I wouldn't sit in that thing if you paid me. That doesn't mean that our
buyer won't. That's up to them.
Go over to the commercial section, they still make trough urinals.
Which if nothing else, if the wifey can't make up her mind, would be a
good thing to suggest, as she will decide on something else PRONTO.
Although one of those urinals, with a plasma flat screen on the wall
behind it, would make for a really manly bath next to the media room. :)
I replaced our 20 yr old steel tub with a whirlpool tub unit.
1. It is as sturdy when installed as directed. Some are set into mortar to
make the bottom solid and level. Mine was a high-end tub and has an
extremely thick reinforced bottom & sides...no flex whatsoever.
2. Pump access is usually thru a panel (skirt) that runs the length of the
tub fronting in the bathroom. The pump is usually at the end opposite the
3. You'll need a GFI outlet usually 110volt on its own circuit. I put the
GFI outlet in my bedroom, on the other side of the wall from the bathroom.
Then I put an outlet behind the tub, downstream from the GFI outlet in the
bedroom. That way, if it trips, I can reset it from the bedroom without
removing the tub skirt, etc. etc.
4. Very little in the way of maintenance, outside of some cleaner
especially for fiberglass gel coat. And no mold.
We LOVE it...especially my wife who has some arthritis.
Better double check on your needs, some of the fancier units have a
electric heater built in as well, which may need 220v.
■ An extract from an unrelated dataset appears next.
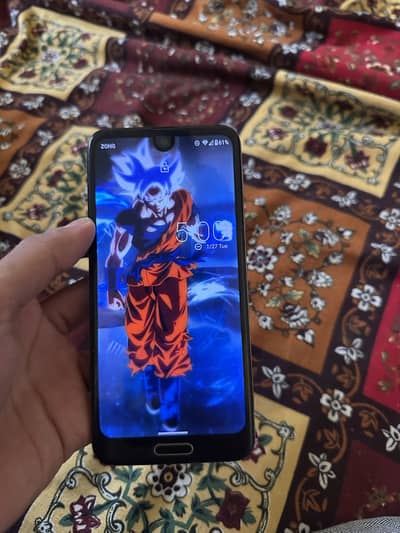 Sharp squad r2 pta approved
IMHO, if your gonna go the distance, you might as well get that, since
I'm sure you'd want it, to lengthen spa soak time.
It may be a good time to replace the old fuses with a circuit breaker
panel. That should cost quite a bit I would think. And I might need
new circuits coming upstairs. I have one of those little houses
(attached) where they run the lines outside up a pipe. I think I
already have one of those. Maybe a second line can join it?
Electrician, plumber, masonry, carpenter. Anyone I leave out?
I was thinking that I don't really need the heater though. Is there
some reason that more hot water can't be let it while a little cooler
water is let out? Electrically heating water is more efficient?